- Your goal -
Print the lines in the listing below starting at the line with "Eva Natsumi online show from 03.31.26" and ending at the line with "Atheneum Malle GWP5 in het verkeer", both included. Reproduce them exactly and omit every picture.

- Data in this exercise -
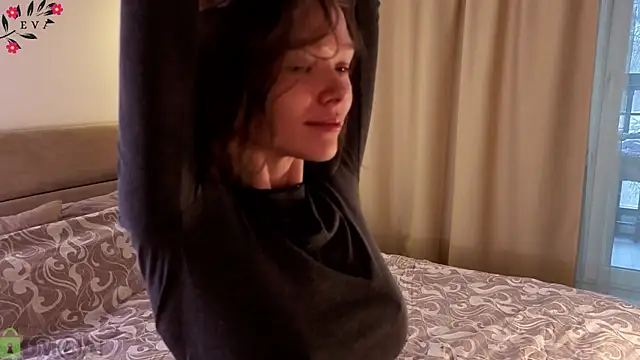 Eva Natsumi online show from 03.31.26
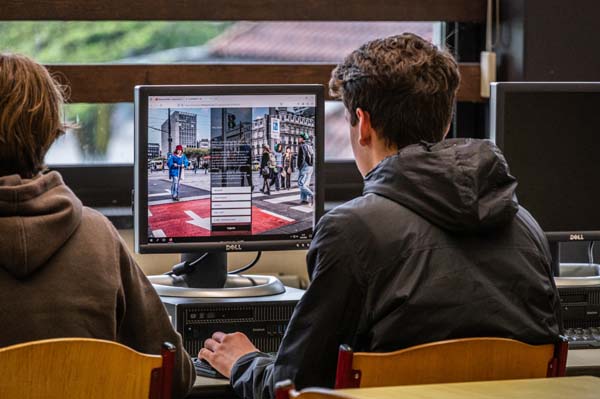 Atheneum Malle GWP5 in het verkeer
==
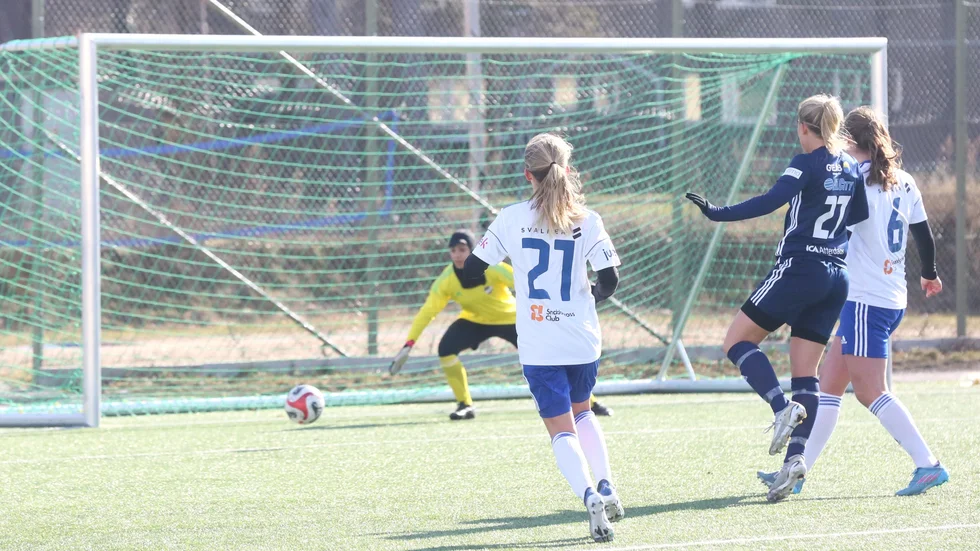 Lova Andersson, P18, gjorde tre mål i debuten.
--
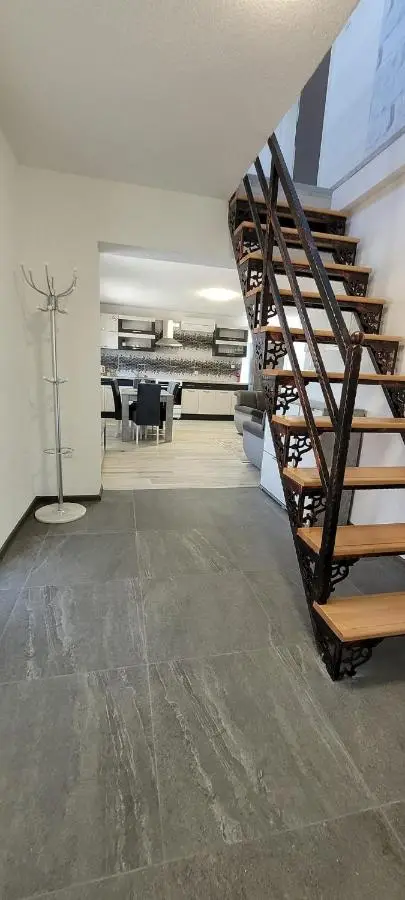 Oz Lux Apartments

- Response -
 Eva Natsumi online show from 03.31.26
 Atheneum Malle GWP5 in het verkeer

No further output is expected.